Na manhã de quarta-feira, 15 de novembro, a Polícia Federal deu um golpe significativo no mundo do funk carioca ao prender o cantor MC Poze do Rodo e seu colega MC Ryan SP. A operação, batizada de Narco Fluxo, investiga um sofisticado esquema de lavagem de dinheiro que movimentou mais de R$ 1,6 bilhão. A ação também busca desmantelar a estrutura que possibilita essas movimentações, incluindo o uso de criptoativos.

MC Poze, nascido na Favela do Rodo, em Santa Cruz, Rio de Janeiro, ganhou notoriedade a partir do final da década de 2010. Suas composições, que frequentemente abordam a vida nas comunidades, fizeram dele um dos ícones do funk, com milhares de reproduções nas plataformas digitais. Inicialmente envolvido com o tráfico de drogas na adolescência, ele passou a investir na carreira musical, mas a relação com o crime ainda ressoa em suas letras e nas controvérsias que o cercam.

A história de Poze não é isenta de polêmicas. Em 2019, um show em Sorriso, Mato Grosso, levou à sua prisão sob acusações de apologia ao crime, corrupção de menores e tráfico de drogas, ampliando sua visibilidade na mídia. Desde então, ele tem sido alvo constante de investigações, especialmente por realizar apresentações em áreas controladas por facções criminosas, levando as autoridades a monitorar de perto suas atividades.

Além de sua carreira musical, Poze se consagrou como uma figura da ostentação nas redes sociais, mostrando joias, carros de luxo e um estilo de vida exuberante. Recentemente, a polícia apreendeu uma coleção de peças de ouro e diamantes avaliadas em R$ 1,9 milhão, além de veículos de luxo ligados ao artista.

A Operação Narco Fluxo, que também tem como alvo o empresário de Ryan, o influenciador Chrys Dias, resultou em 45 mandados de busca e apreensão e 39 de prisão temporária, abrangendo várias localidades do Brasil.
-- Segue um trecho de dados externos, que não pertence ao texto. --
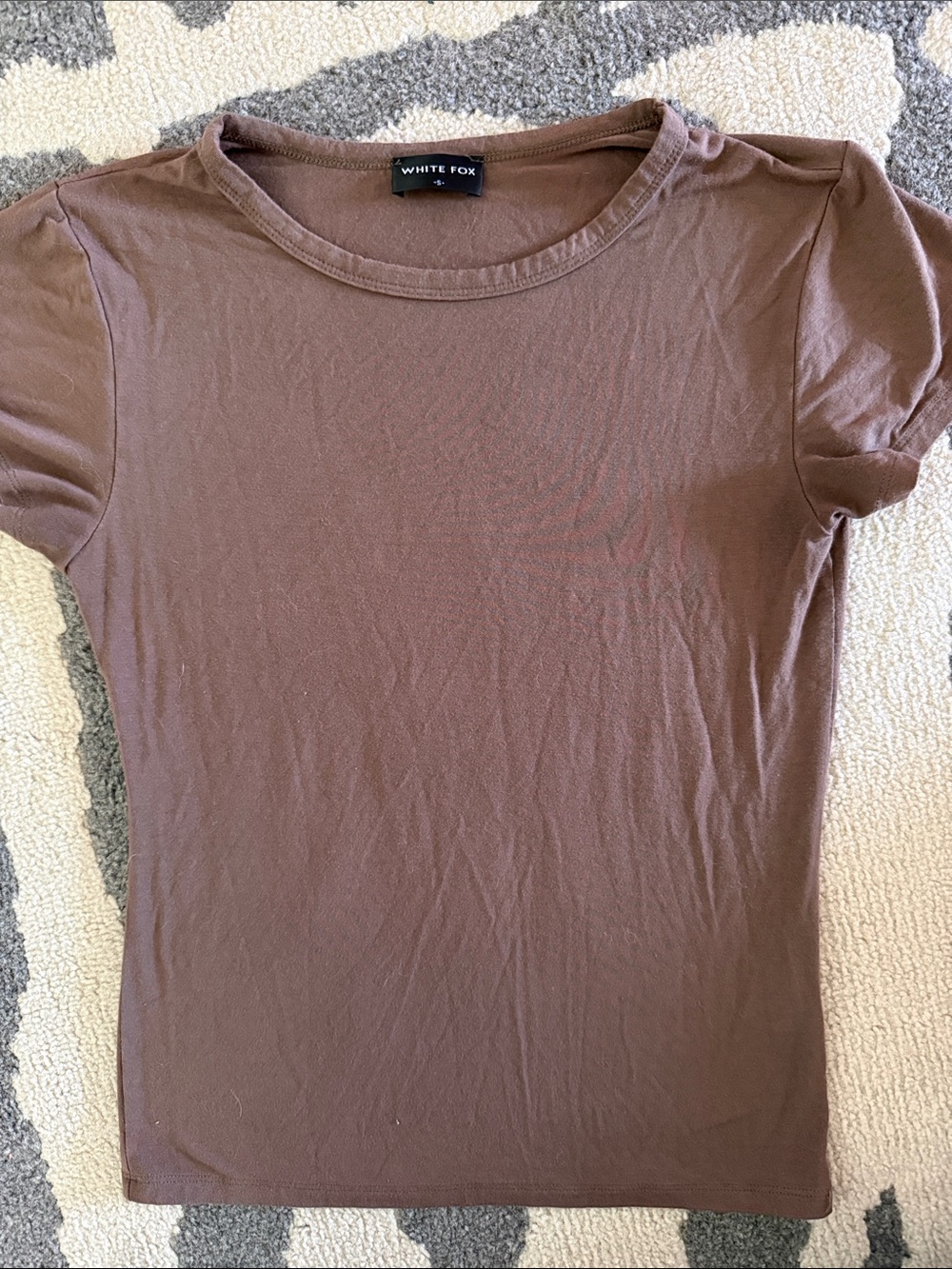 White Fox Boutique Brown Short Sleeve Crewneck Tee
A atuação do grupo violava diversas leis, com métodos que incluíam transporte de dinheiro em espécie e transações obscuras com ativos digitais.

Durante a operação, as autoridades apreenderam vários bens, como veículos, dinheiro e equipamentos eletrônicos que auxiliarão nas investigações. MC Poze e os outros detidos poderão responder por crimes como associação criminosa, lavagem de dinheiro e evasão de divisas.

A defesa do cantor, por sua vez, declarou desconhecer os detalhes do mandado de prisão e se comprometeu a apresentar, uma vez que tenha acesso aos autos, todas as informações pertinentes ao Judiciário para buscar a liberdade do artista.